After you learned the lesson that your pain carries, you will feel relieved and peaceful. Now you change your attitude about it into a positive one!
You might also like: Getting over Tough Times and Dealing with Depression
Step nr. 3: Use your pain to transform yourself into a better person
“The emotion that can break your heart is sometimes the very one that heals it…”
Say something like: “Because of that happened I decide I will never accept this again. Because that happened I am a better person now: I will never do that to somebody because I know how much it hurts.”
Use the lesson from the pain and the pain itself to transform yourself into a better person. No matter how you do it. Some people use the pain after losing somebody loved, to start a charity in their names.

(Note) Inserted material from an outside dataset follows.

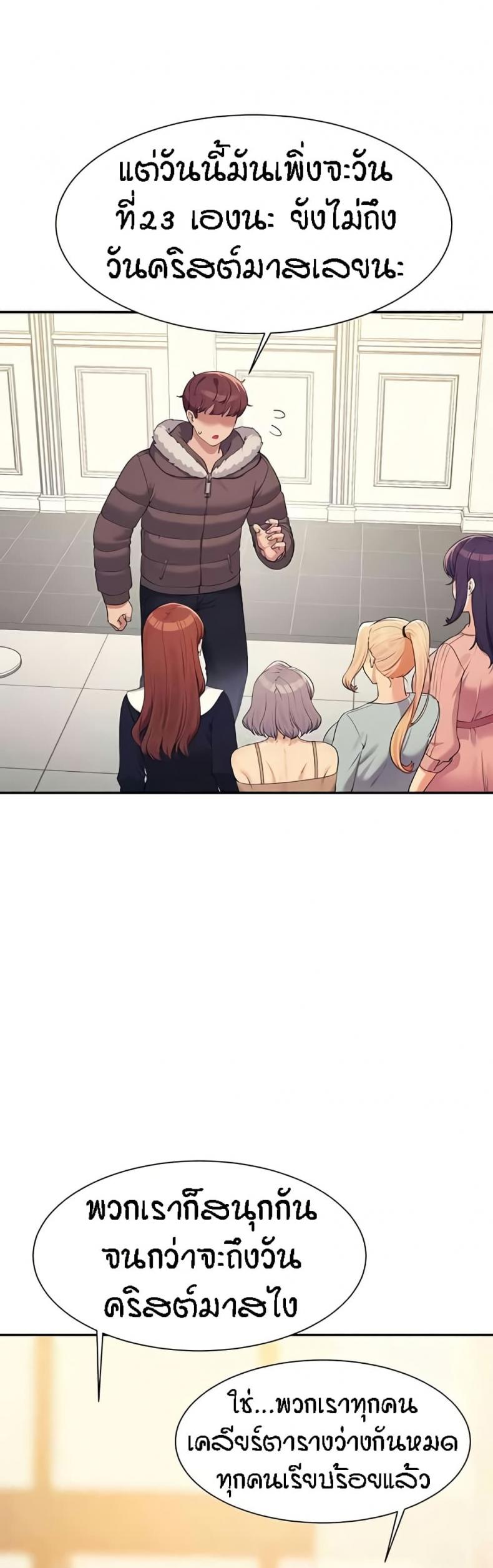 page-47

Some people use the pain to change their perspective, to understand more, to appreciate more. Some people use the pain as an energy for their commitment to a passion, to working out, to a sport.
Pain is what makes us grow, become more mature, more loving and more compassionate. Pain helps us progress. No pain, no gain!
Step nr. 4: Focus on the bright side
After we fixed what we had to fix, and we learned what we had to learn, now it’s time to appreciate life more. It’s time to appreciate the given opportunities and blessings ahead. I mean, after all, it’s called insecurity because it’s about a past event. It’s already over, so I need to get over it also and enjoy my life.
Action to take to fix your relationship insecurities: Buy a notepad, and for 21 days write down every night when you go to bed or early morning when you rise 3 things you love, appreciate or admire about your special someone. This will greatly change your attitude towards them, and push your relationship into the deepest passion, connection, and love you’ve experienced. If you really want to make it special, write it for 90 days and at the end, offer the journal to your loved one as a gift.
Now you are a better person, you are stronger, you are more confident, you are more compassionate towards other people’s pain, you can love and appreciate at a higher level. And when you can love from the bottom of your heart you will get the same and more in return. I wish you a life filled with love!